Pennsylvania State University v. Workers’ Compensation Appeal Board (Sox); 454 C.D. 2013, 455 C.D. 2013; filed 12/19/13

Ex Parte communication prohibited between employer’s attorney and claimant’s physician.

This new Commonwealth Court decision has changed the law regarding communications between an employer and a panel physician when taking depositions. No longer is the counsel for the employer able to meet with the panel physician prior to the deposition as to do so violates the injured worker’s expectation of privacy.

In this case, the claimant sustained an initial work injury in 2006. After receiving benefits for that injury, the claimant went back to work for the employer. The claimant then sustained additional work injuries on July 19, 2009, and on October 18, 2009. The employer acknowledged the October 18, 2009, work injury by issuing a Medical Only Notice of Compensation Payable. Later, the claimant filed claim petitions, as well as a penalty petition, against the employer. The claimant also filed a reinstatement petition against the employer for his 2006 work injury.

During litigation of the petitions, the employer sought to depose the claimant’s treating physicians, who happened to be employees of the panel facility. The claimant objected and sought an order from the Workers’ Compensation Judge precluding the depositions on the basis that the depositions of the physicians would be an ex parte contact by the employer’s counsel.

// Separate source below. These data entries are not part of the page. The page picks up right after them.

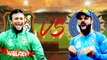 Bangladesh cricketers call off strike | வீரர்கள் ஸ்ட்ரைக்.. சரண்டர் ஆன கிரிக்கெட் போர்டு!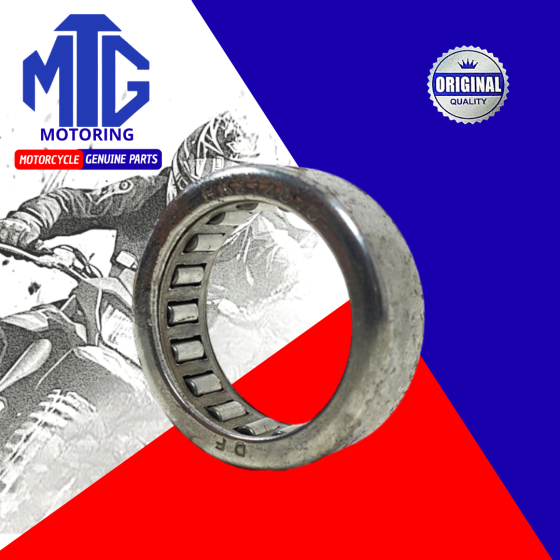 CANASTILLA SELECTOR CAMBIO MOTO (MTG)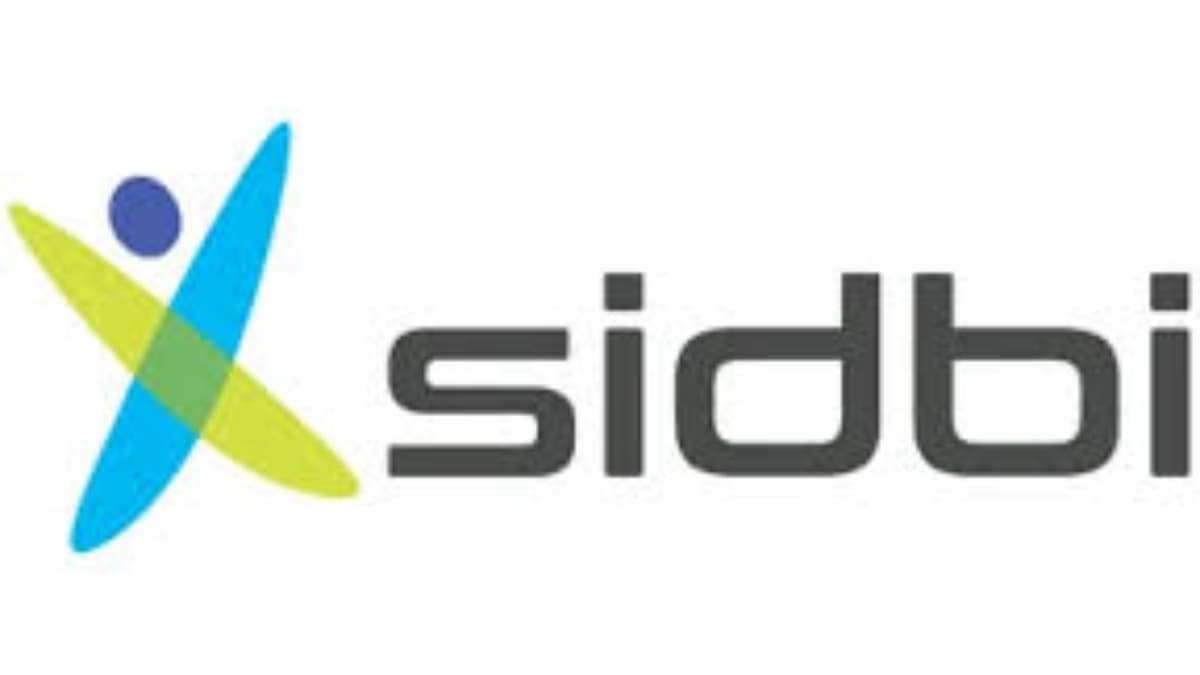 SIDBI to boost credit flow of MSMEs with strong equity support of Rs 5,000 crore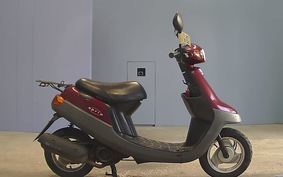 YAMAHA JOG APRIO 2000 SA11J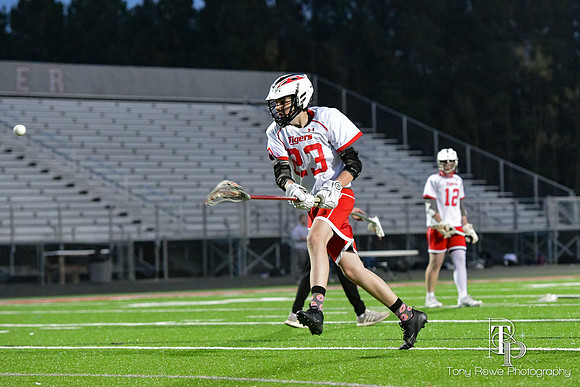 03.06.23 GLAX LAX v. Norcross-156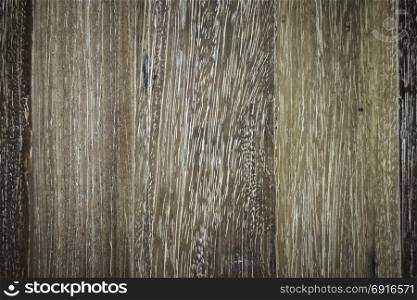 White lines wooden table texture background, stock photo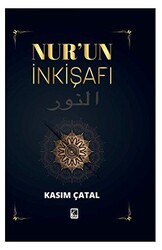 Nur’un İnkişafı - Çıra Yayınları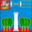 xn----7sbabpchwdvcrjfeqbe2afchhfl0i6hrc.xn--p1ai icon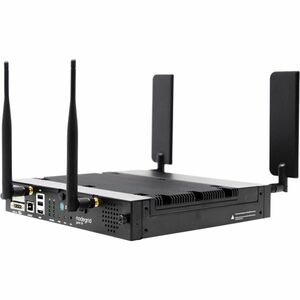 ZPE Nodegrid Gate SR Infrastructure Management Equipment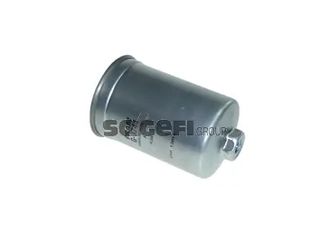 FRAM G3744 - Auto Parts
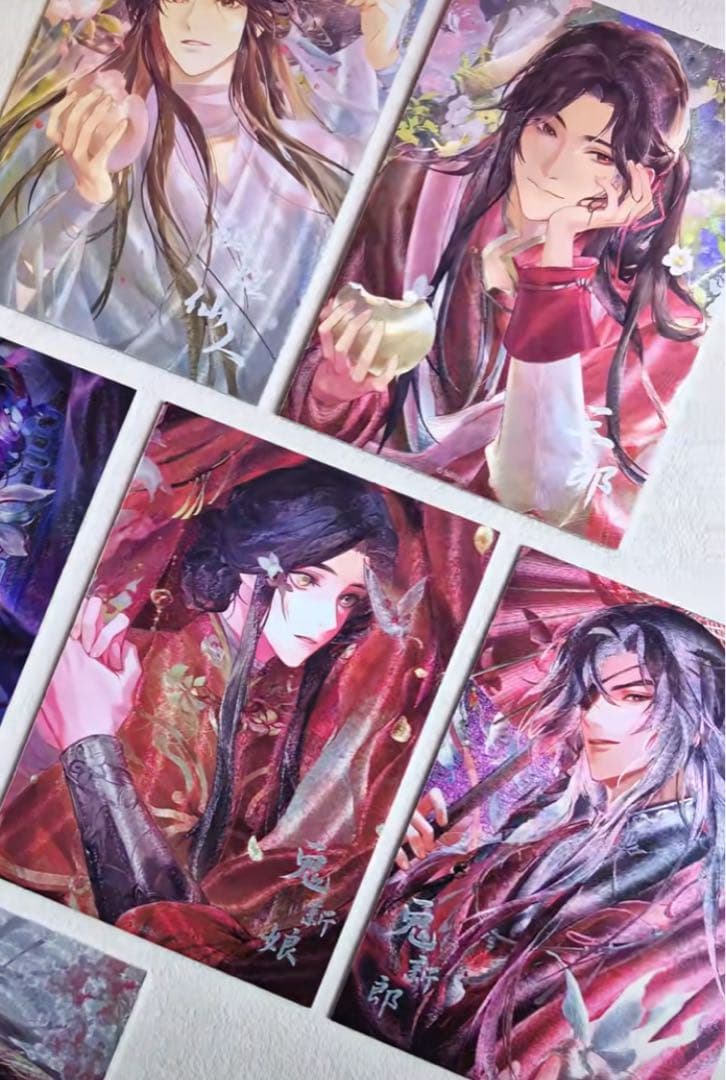 ジャネ⑥
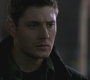 SPN_0414.jpg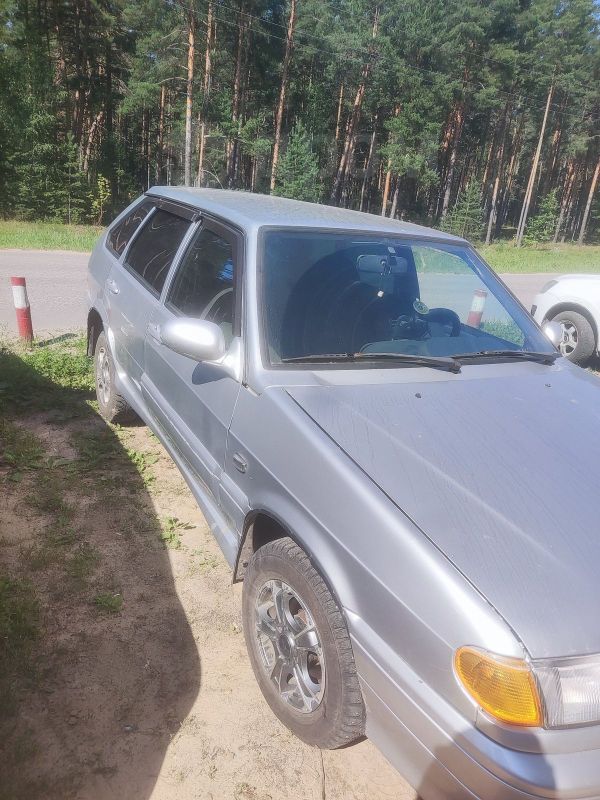   2114  2005 , 170000 ,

In response to the claimant’s objection, the employer asserted attorney/client privilege to justify the ex parte contact with the treating physicians. The judge, however, found that the claimant enjoyed a physician/patient privilege with the treating physicians and that, in the absence of consent, the employer was precluded from engaging in ex parte, non-disclosed communications. The judge further concluded that an attorney/client relationship did not exist between the employer’s counsel and the treating physicians because of their status as employees. The judge permitted the employer to schedule the deposition of a treating physician, but prohibited counsel for the employer from having any ex parte contact with any physician to be deposed. The judge further permitted the claimant’s counsel to cross examine a physician as to any ex parte contacts made.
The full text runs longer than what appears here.